El odio de la gente corriente
El relato de los guardias civiles en el juicio del 'procés' dibuja una situación de gran hostilidad
Un guardia civil dice que lo que más le dolió, más incluso que los escupitajos o que le llamaran hijo de puta, fueron las miradas de odio. Y alguien en la sala se ríe. Otro agente cuenta que estuvo destinado en muchos lugares –“en sitios que no quiero ni nombrar”–, pero que nunca sintió tal violencia inusitada, que jamás podrá olvidar el desprecio de la gente corriente. Y de nuevo vuelven a brotar sonrisas de desprecio e incredulidad entre los seguidores de los líderes independentistas. El relato de los guardias civiles que participaron en las detenciones del 20 de septiembre, en los registros de las naves que albergaban las papeletas del referéndum o que cerraron los colegios el 1 de octubre coincide en tres puntos clave: la reacción rápida –y no siempre pacífica– de los grupos organizados de resistencia, el miedo de los letrados de la administración de justicia a ser identificados por la gente…
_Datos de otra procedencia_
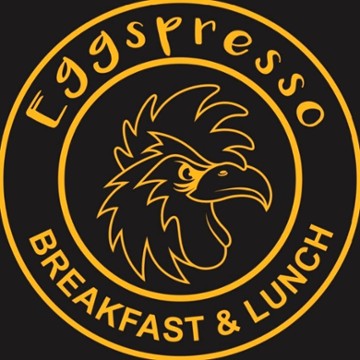 Eggspresso Breakfast & Lunch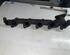 Exhaust Manifold MERCEDES-BENZ SPRINTER 2-t Bus (901, 902), MERCEDES-BENZ SPRINTER 3-t Bus (903)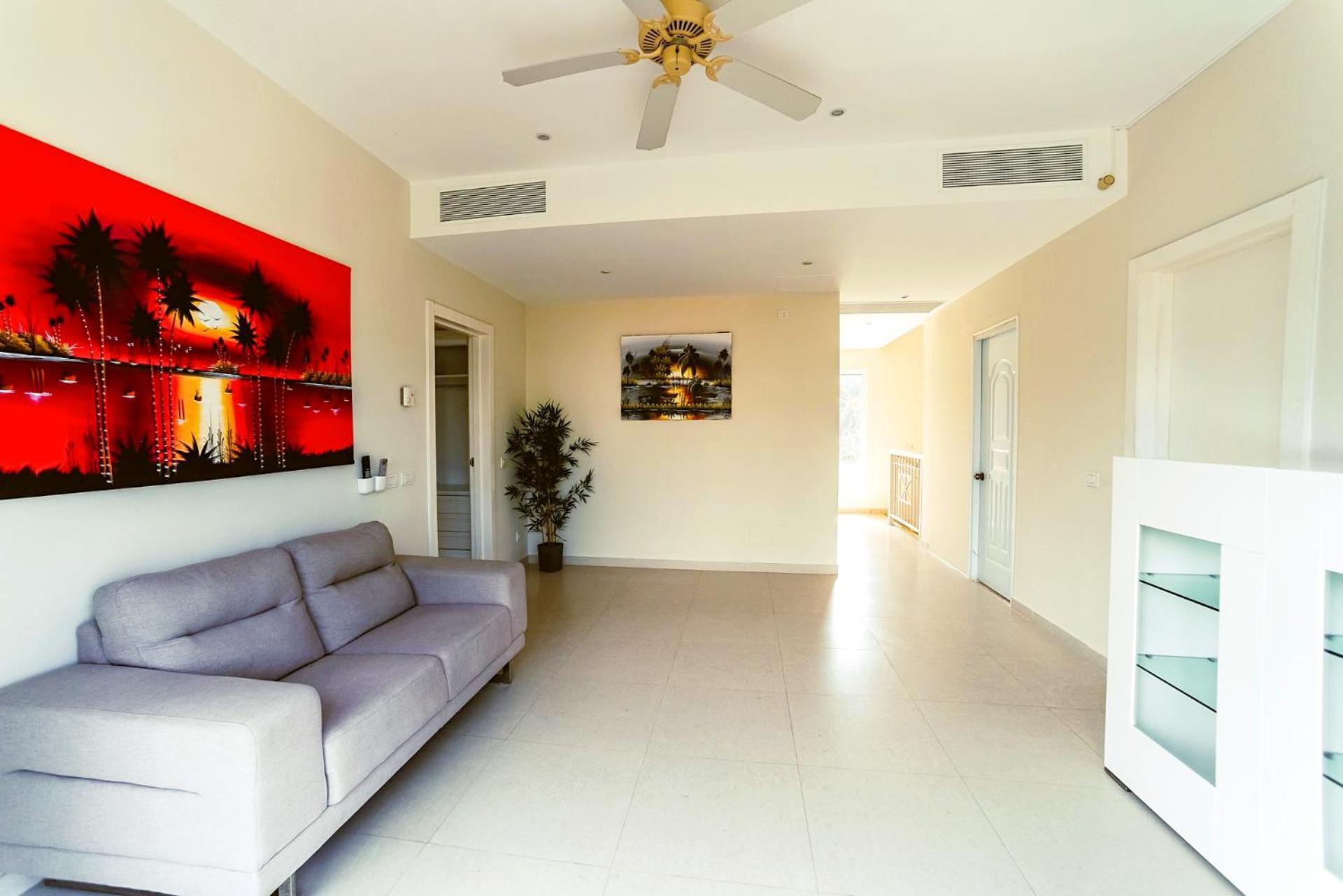 Luxury Private Villas With Pool, Private Beach, Bbq Punta Cana Exterior foto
–El secretario judicial que venía con nosotros –relata ante el tribunal un cabo primero de la Guardia Civil– nos pidió ayuda para que no lo identificaran al salir del registro. Un compañero le dio un pañuelo y él se tapó la cara. Tenía miedo. Y la verdad es que era para tenerlo. La gente estaba muy exaltada.
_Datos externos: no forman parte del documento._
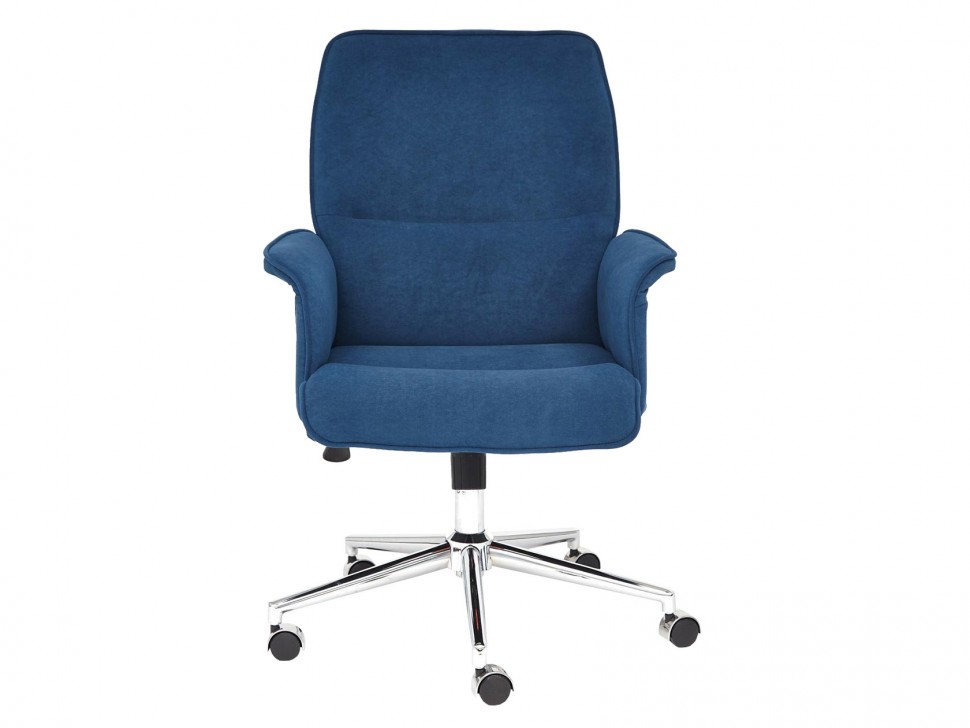Кресло руководителя YORK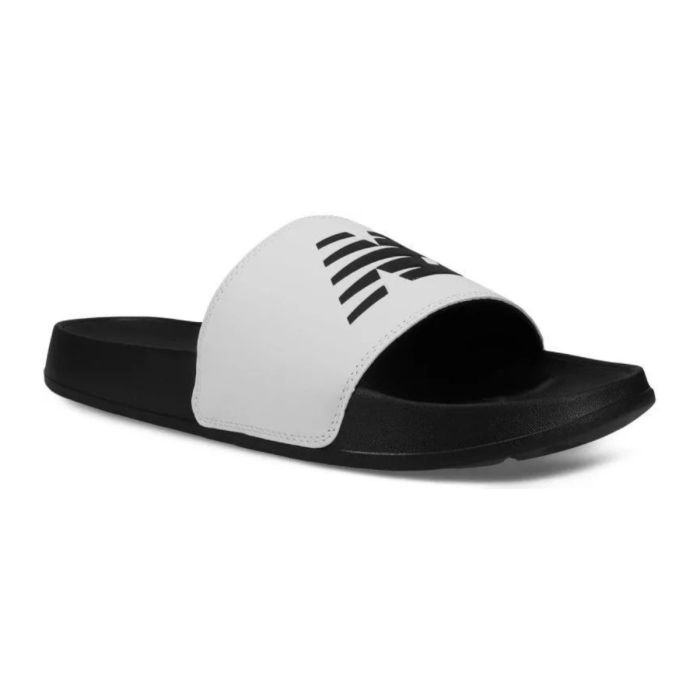New Balance Sandals 200 K. 371⁄2 Harmaa Unisex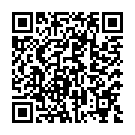 C&oacute;digo QR con el enlace al titular ASAJA pide medidas para evitar el riesgo de Peste Porcina Africana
El tercer punto de coincidencia es el odio. Unos con más épica y otros con menos –ya se sabe que hay tipos que vienen de la guerra y lo cuentan como si hubieran estado en el bar, y otros que, habiendo estado en el bar, lo cuentan como si vinieran de la guerra–, todos los agentes aseguran que lo que más les impresionó de aquel otoño en Cataluña fue el odio. Y, más concretamente, el odio de la gente corriente. “A mí nunca me habían escupido por hacer mi trabajo”, dice un guardia. “Desde que salimos a la calle el 1 de octubre”, lamenta una cabo primero que declara por la tarde con voz apesadumbrada, “el ambiente era muy hostil, enrarecido, te pitaban desde otros coches, te hacían gestos ofensivos con las manos, te insultaban, se burlaban de ti. En solo unas horas se había evaporado el sentido del respeto a la autoridad”. Otro agente acaba de contar a preguntas del fiscal que a su hijo en el instituto –“un hijo que está muy orgulloso de la profesión de su padre y que quiere seguir sus pasos”– le obligaron a protestar tras una pancarta por la actuación policial del 1 de octubre. El guardia se dispone a contestar a las preguntas del abogado Jordi Pina. Y al defensor de Rull, Turull y Sànchez no se le ocurre mejor forma de desacreditarlo que incidir en el asunto doloroso del hijo. Las risas de la sala y la actitud despreciativa del abogado vienen a constatar que aquellas heridas, aquella incapacidad para escuchar siquiera las razones del otro, aún siguen abiertas. Hay un momento en que, dada la animosidad del interrogatorio de Pina, el juez Marchena lo corta en seco:
–Señor letrado, no riña al testigo.
Pero no hay manera. De vez en cuando, a la hora de interrogar a los testigos contrarios a su causa, Pina opta por preguntas que pretenden ser cómicas, pero que chocan invariablemente con el reproche de Marchena:
–Señor letrado– interrumpe de nuevo el presidente del tribunal– usted sabe que no, usted le está preguntando algo que no está dirigido al debate jurídico, y lo sabe perfectamente. Lo sabe. Yo le sugiero que las preguntas que haga al agente intenten convencer al tribunal, no a la galería, porque eso le perjudica enormemente.
Del día 19 al 21, por el Salón de Plenos del Tribunal Supremo solo han pasado agentes de la Guardia Civil. El martes declararon siete guardias. El miércoles, otros siete. El jueves, diez más. Y el patrón se repite casi idéntico. Llega un agente, lo interroga el fiscal, luego la abogada del Estado, a continuación el letrado de la acusación popular y, cuando llega el turno de las defensas, las preguntas suelen centrarse casi en exclusiva en si en tal registro o en cual detención se cumplieron todos los requisitos que marca la ley: la orden de entrada, la presencia del letrado judicial, la lectura de los derechos al detenido, la asistencia del abogado defensor… Los defensores de quienes, por su cuenta y riesgo, decidieron subvertir el orden constitucional, celebraron un referéndum ilegal desaconsejado incluso por la cúpula de los Mossos d’Esquadra y aprobaron la Declaración Unilateral de Independencia, intentan a la desesperada anular las actuaciones judiciales contra el intento de secesión alegando defectos de forma. Tanto amor a la legislación vigente por parte de los abogados de Oriol Junqueras, de Carme Forcadell o de Jordi Cuixart resulta conmovedor.